The stance of conscientious objectors (COs) in war time remains controversial and volunteers from the charity Global Link have launched a website dedicated to telling the stories of Lancashire men who took this step, reports TONY COPPIN. Already they have brought to light the shocking tale of Henry Alty, a joiner who felt the full wrath of the state
They were ordinary working men leading ordinary lives, until the First World War propelled them into a crisis of conscience that would dramatically change their lives.
The decision to resist the call to arms and become a Conscientious Objector was not an easy one.
Individuals paid a painful price for their beliefs, shunned by their communities as shirkers and cowards.
Many of those who were imprisoned suffered appalling brutality and near starvation at the hands of the authorities.
Now the stories of local COs have been brought to life in the Documenting Dissent website launched by Lancaster charity, Global Link.
Volunteer researchers were recruited during the Heritage Lottery-funded project to uncover the case histories of men and women from Lancashire prepared to stand up for their convictions.
Estimates show more than 1,600 people from across the county turned to conscientious objection during World War One, though these figures could be higher due to military tribunal records being destroyed.
Twenty volunteers were involved, including history students from Lancaster Royal Grammar School, who gathered stories of former pupils who became COs.
Following the introduction of compulsory military service in 1916, all conscripted men who claimed conscientious objection faced a tribunal by a local panel.
Depending on the tribunal decision, a CO could be offered an exemption on the condition they undertook “alternative” civilian service.
Or they could be given an exemption from duties involving weapons as long as they undertook other non-combative war-related work.
Many COs were “absolutists”, committed pacifists who refused to undertake any form of alternative or non-combatant service.
They included Alwynne Walmsley, a Lancaster teacher, who was imprisoned twice.
Alwynne was a Quaker whose faith meant he rejected any form of violence.
He was court-martialled and sentenced to six months’ imprisonment at Wormwood Scrubs. Following his release in 1918, he was re-arrested shortly afterwards for refusing to do military service.
Becoming a CO took its toll on Preston market gardener and fitness instructor Joseph Garstang.
As a committed socialist and member of the No Conscription Fellowship, he took an absolutist stance and refused to have anything to do with the conflict.
As a result, he spent several years in prison, during which time he went on hunger strike and was force-fed. He was released from prison for the last time in 1919 and was unable to return to his previous work due to poor health. He died less than 10 years later, aged only 38.
Other COs , while refusing to fight, agreed to undertake alternative service.
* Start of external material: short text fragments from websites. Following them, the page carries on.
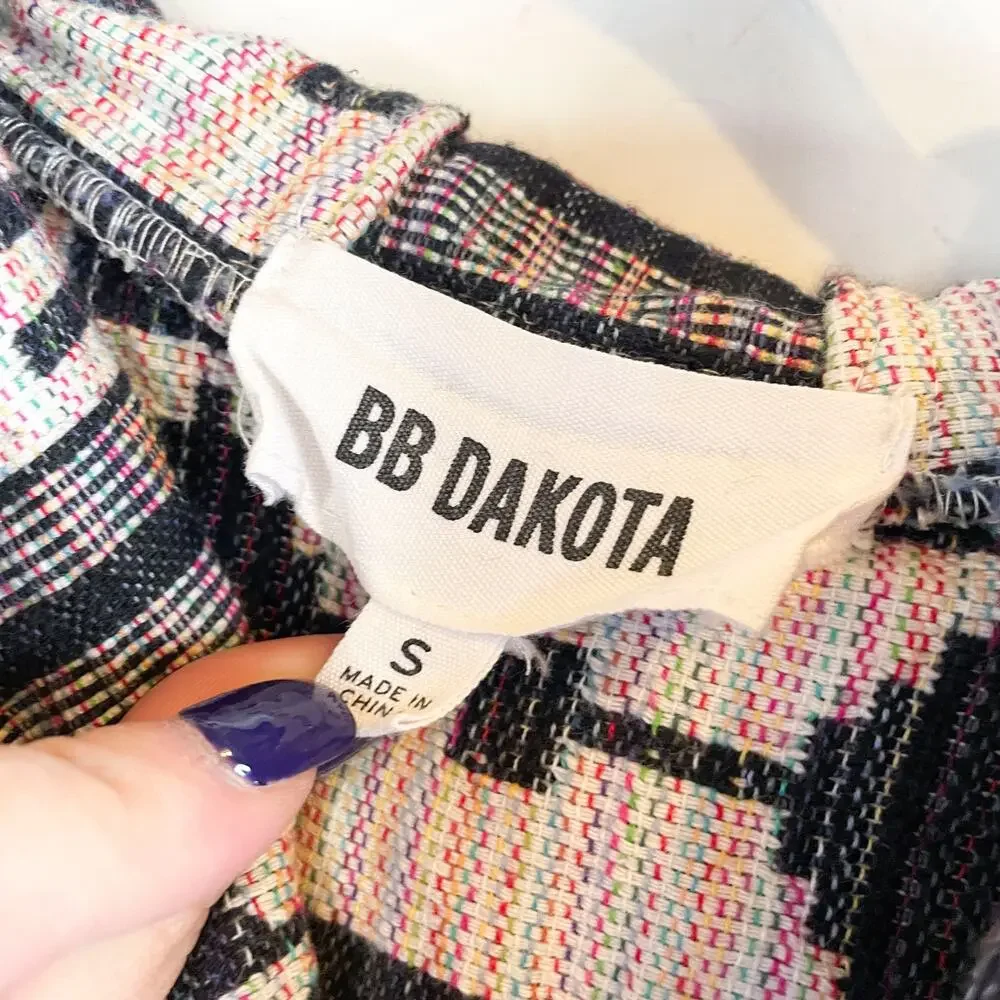 BB Dakota Black & White Print Knit Cozy Hooded Jacket w/‎ Belt Boho Women's S
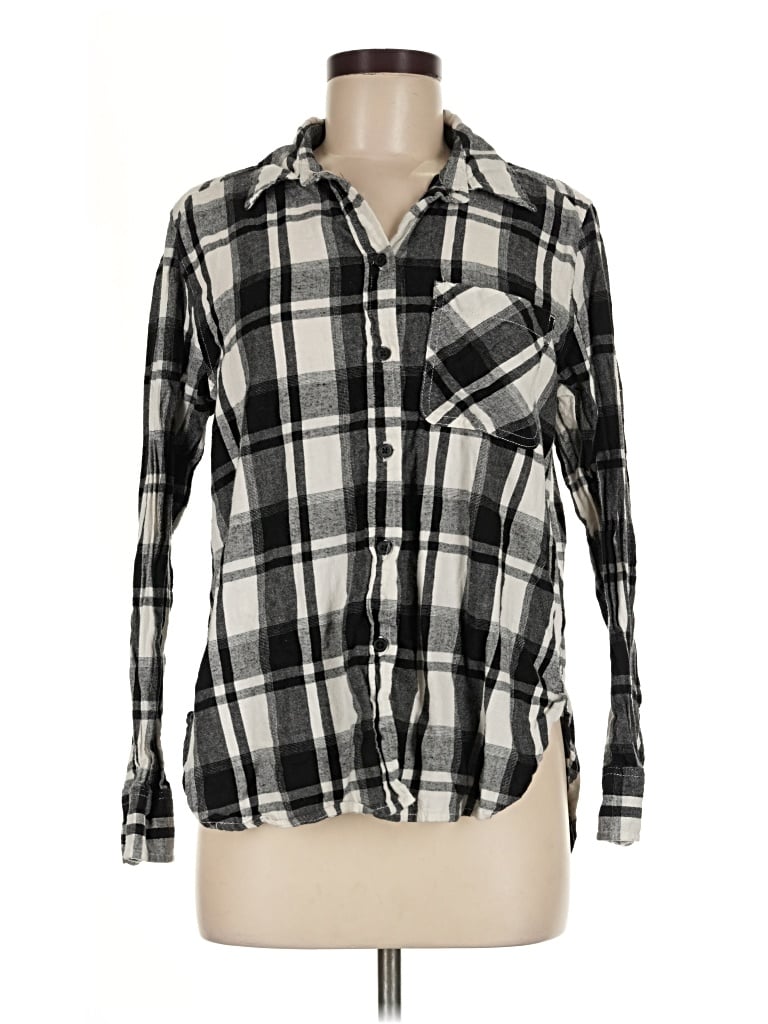 Pre-owned Time And Tru Long Sleeve Button Down Shirt In Black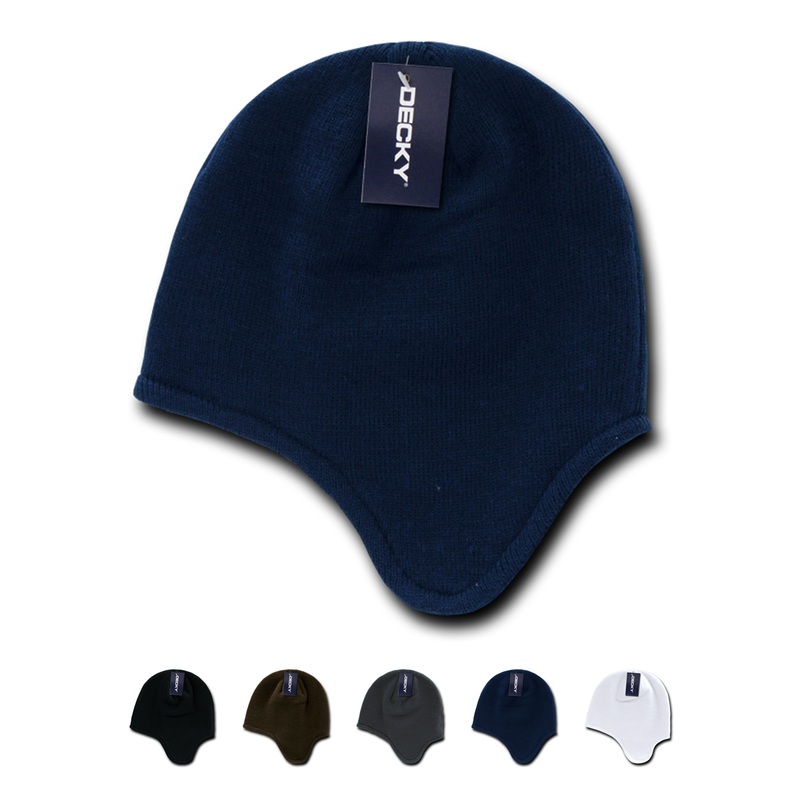 Decky 616 – Helmet Beanie, Fleece Lined Knit Cap Black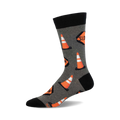 A crew sock in gray with orange traffic cones and 'Slow' signs printed on it. The sock has a black cuff.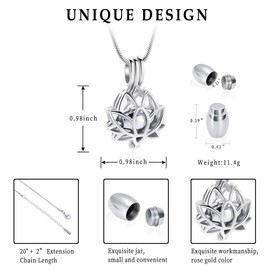 Cremation Jewelry Urn Pendant Necklace with Hollow Urn Cremation Jewelry for Ashes Lotus Flower Shape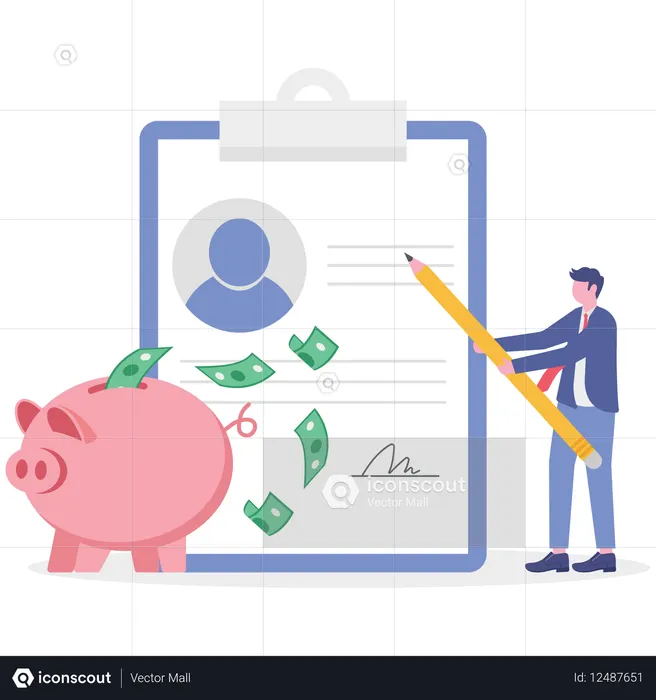 Businessman facing debt obligation  Illustration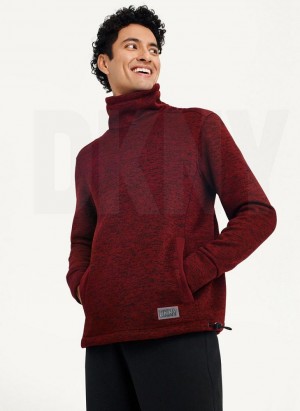 Red DKNY Funnel Neck Pullover Men's Sweatshirts | Malaysia_D1644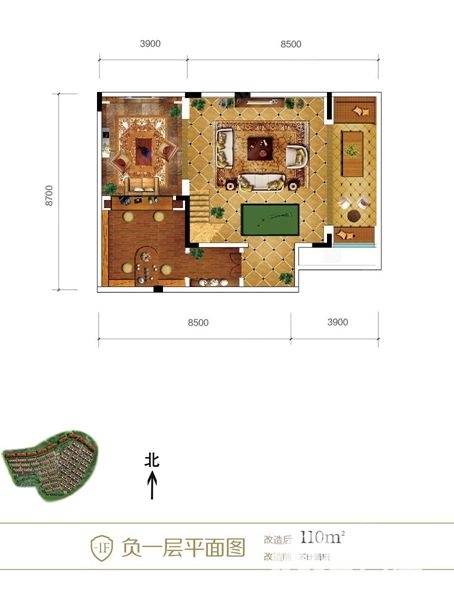 金科城嘉陵江上普通住宅110㎡户型图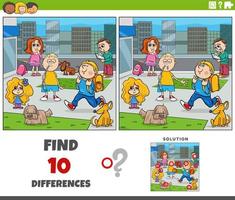 differences game with cartoon children in the city vector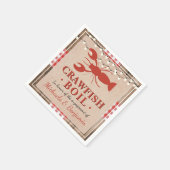 Crawfish Boil Lobster Engagement Party Rustikal Serviette (Ecke)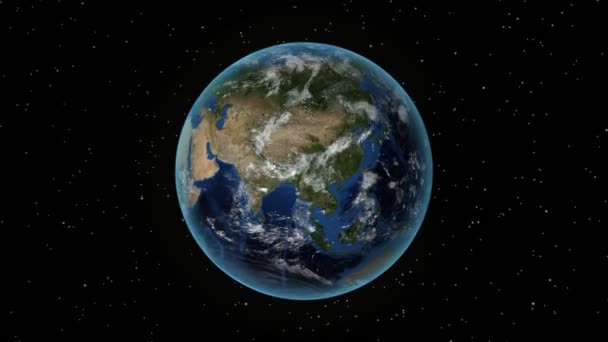 Κύπρος. 3D Earth στο διάστημα-ζουμ στην Κύπρο σκιαγραφείται. Αστέρι στο φόντο του ουρανού — Αρχείο Βίντεο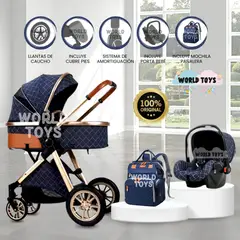 BABY - Coche Moisés de Lujo 4 en 1 «MADRID» Con Portabebé Blue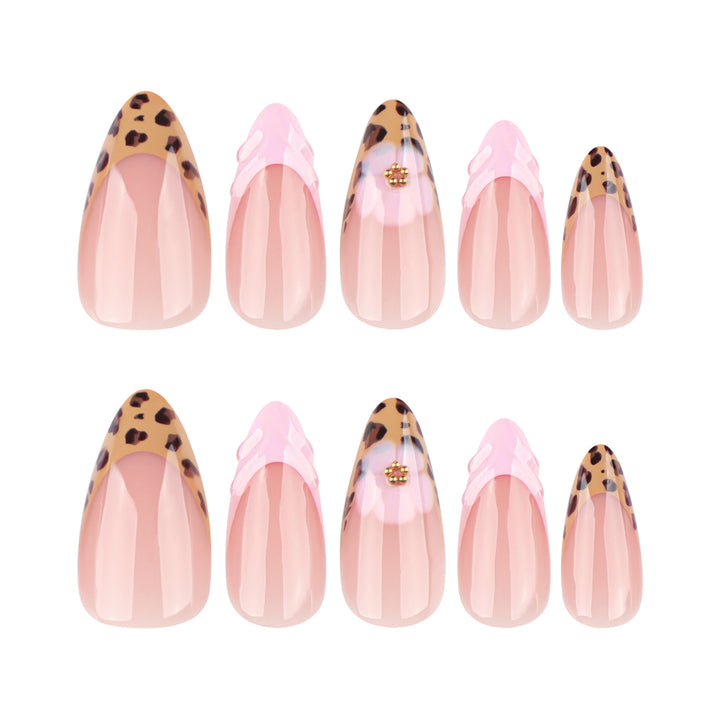 Artful stiletto nails with floral leopard pattern Kalsten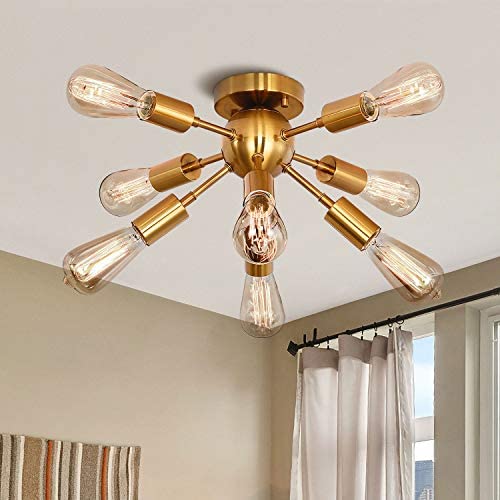 Modern Flush Mount Ceiling Light 8 Lights E26 Base Mid Century Brass Sputnik Chandeliers Semi Flush Mount Ceiling Light Fixture for Kitchen Dining Room Living Room Bedroom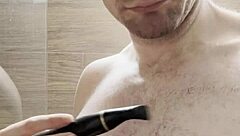 i trim my sweaty hairy armpits chest and arms after the gym to prepare for a photoshoot next week behind the scenes
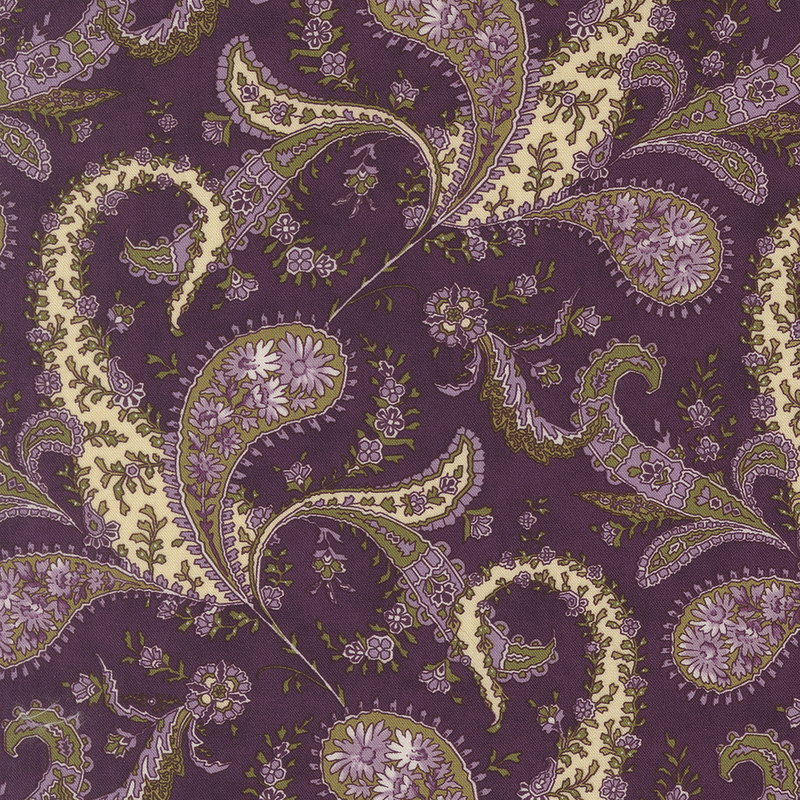 Plum purple fabric with light purple, green, and cream paisley, leaves, and florals.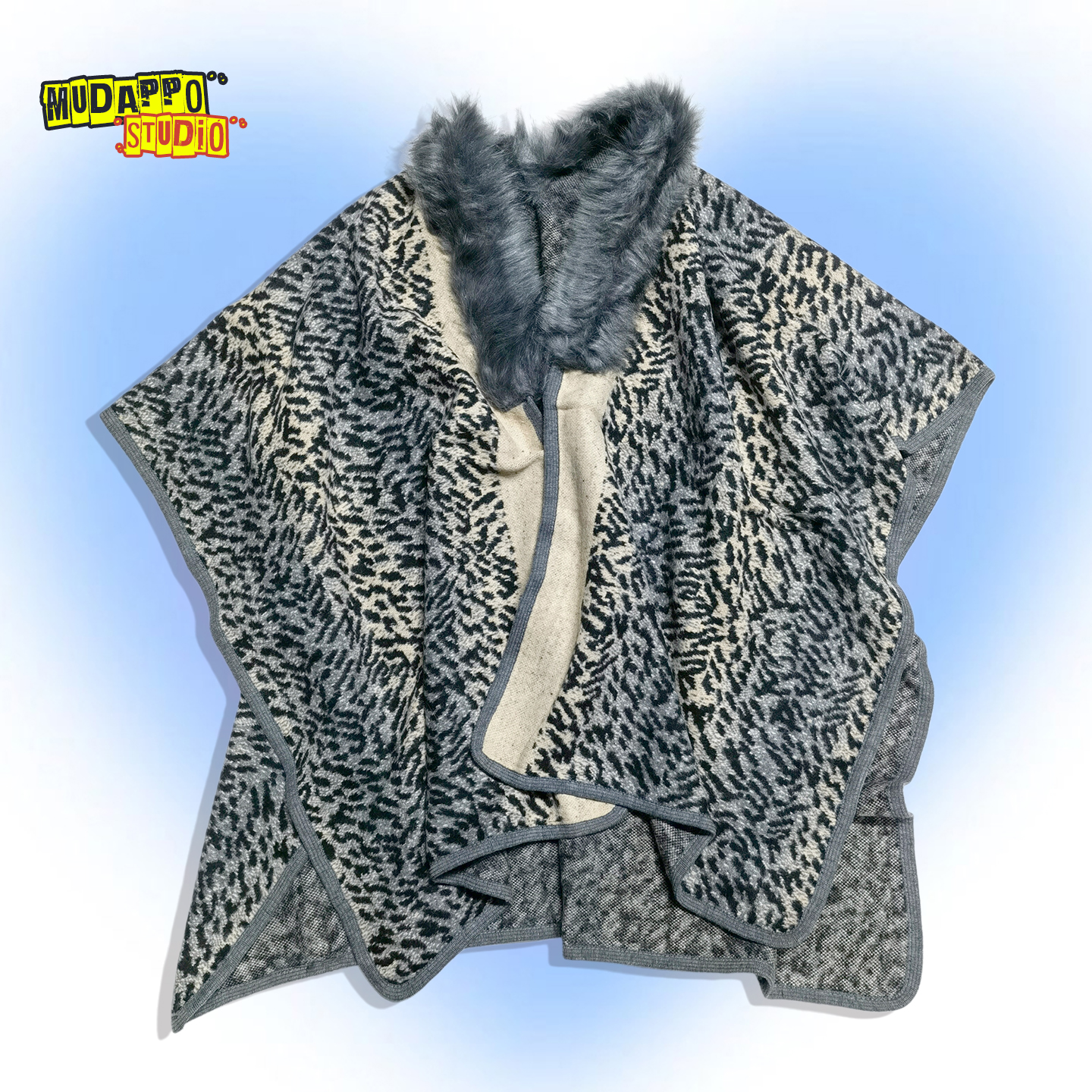 欧美风涩谷辣妹毛领毛呢斗篷披肩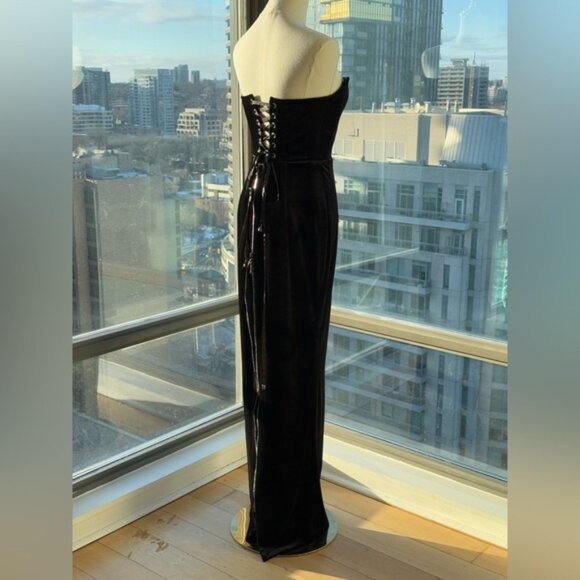 🆕 BRONX & BANCO 🧿 NWOT Florentina Corset Gown, Black Velvet, Sz S US 4 - Picture 6 of 13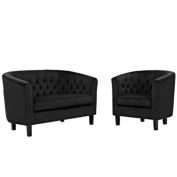 Modway Furniture Prospect 2 Piece Performance Velvet Loveseat and Armchair Set, Black
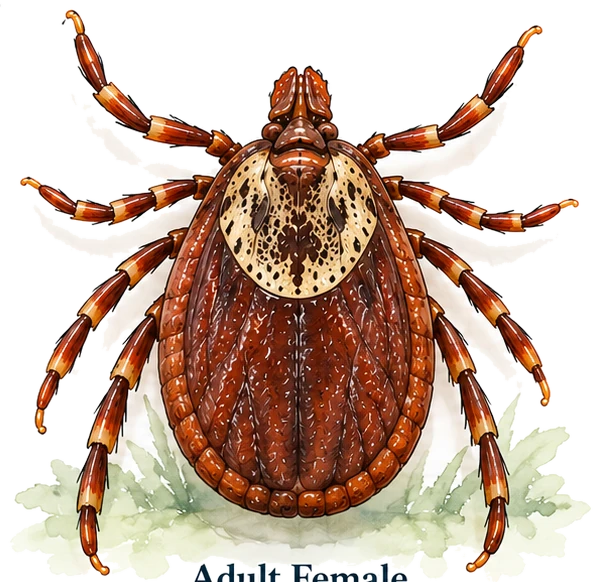 Adult female American dog tick seen from above, showing the mottled pale shield behind the head.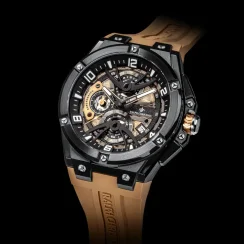 Černé pánské hodinky Ralph Christian s gumovým páskem The Apex Chrono - Desert Tan 46MM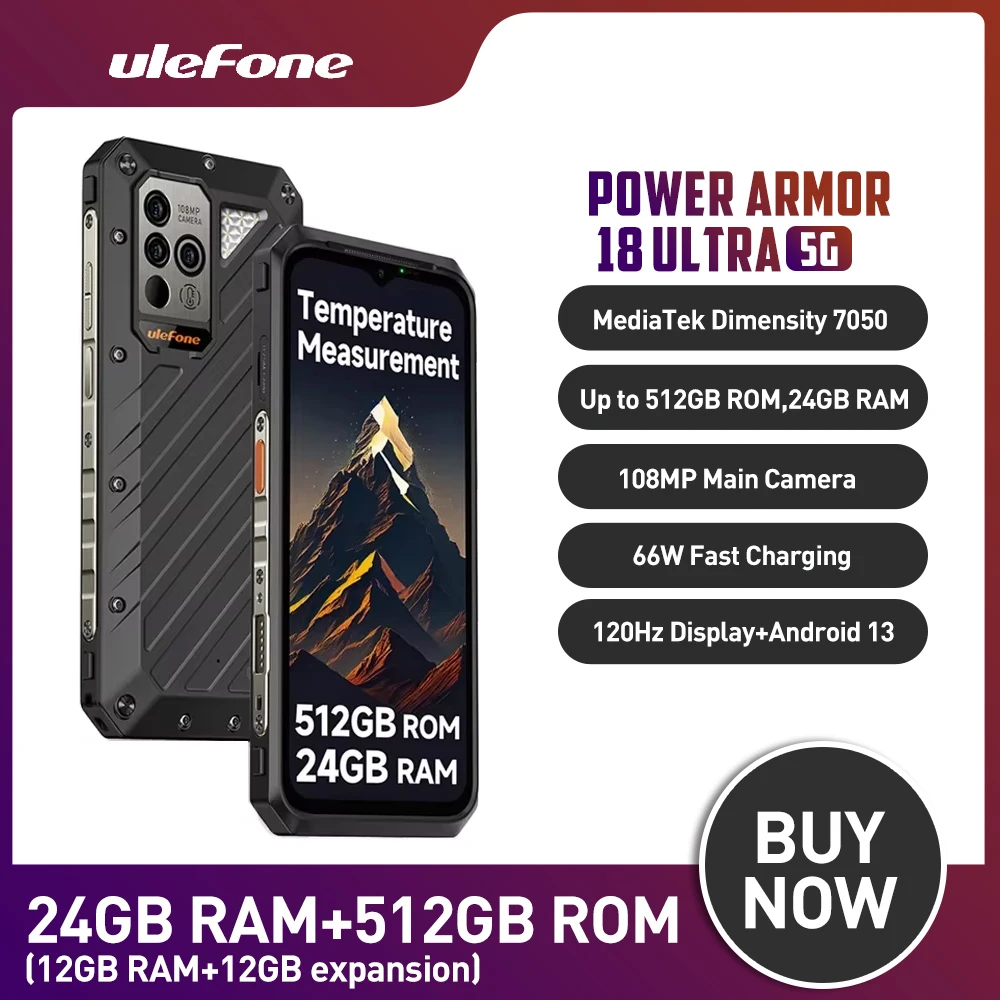 Ulefone Power Armor 18 Ultra 5G Rugged Smartphones 12GB+512GB 6.58Inch FHD Android 13 Mobile Phone 9600mAh 66W Fast Charging NFC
Among these were Quaker brothers John Lamb Howson and William Giles Howson, and Robert Waites, all former pupils of Lancaster Royal Grammar School.
Their stories were researched by current pupils who discovered the trio joined the Friends Ambulance Unit (FAU) and each worked on Ambulance Train 16, transporting soldiers from the Front to Boulogne.
Other COs included marble carver Albert Tomlinson, who worked at his father’s business, in Penny Street, Lancaster, who served in France as a driver with the FAU after a military service tribunal exempted him from combatant role due to his religious beliefs and Cyril Walmsley of Lancaster – brother to Alwynne – who took a different stance from his brother.
Rather than face imprisonment, as his brother had done, he opted to work for the Friends War Victims Relief Committee alleviating the suffering of people in war-torn France.
Alison Lloyd Williams, Global Education Worker at Global Link, said the stories highlight the dilemmas faced by individuals when faced with issues of conscience.
“I think what’s really striking is how diverse the experiences of COs were and the different moral choices they made,” she said.
“It makes you appreciate how brave a decision it was to become a CO.
“Some of the stories we have discovered are very shocking indeed.
“However, it is also inspiring to learn more about individuals who held to their beliefs and continued to show resistance to war, even in the face of enormous pressure.”
The Documenting Dissent website is being launched to coincide with International Conscientious Objectors’ Day on Friday May 15. Visit: www.documentingdissent.org.uk
A launch event is being held at Lancaster YMCA, Fleet Square, on Thursday May 21, at 7.30pm.
There will be a talk by retired Leeds University lecturer Cyril Pearce, who has compiled a data base of WW1 COs.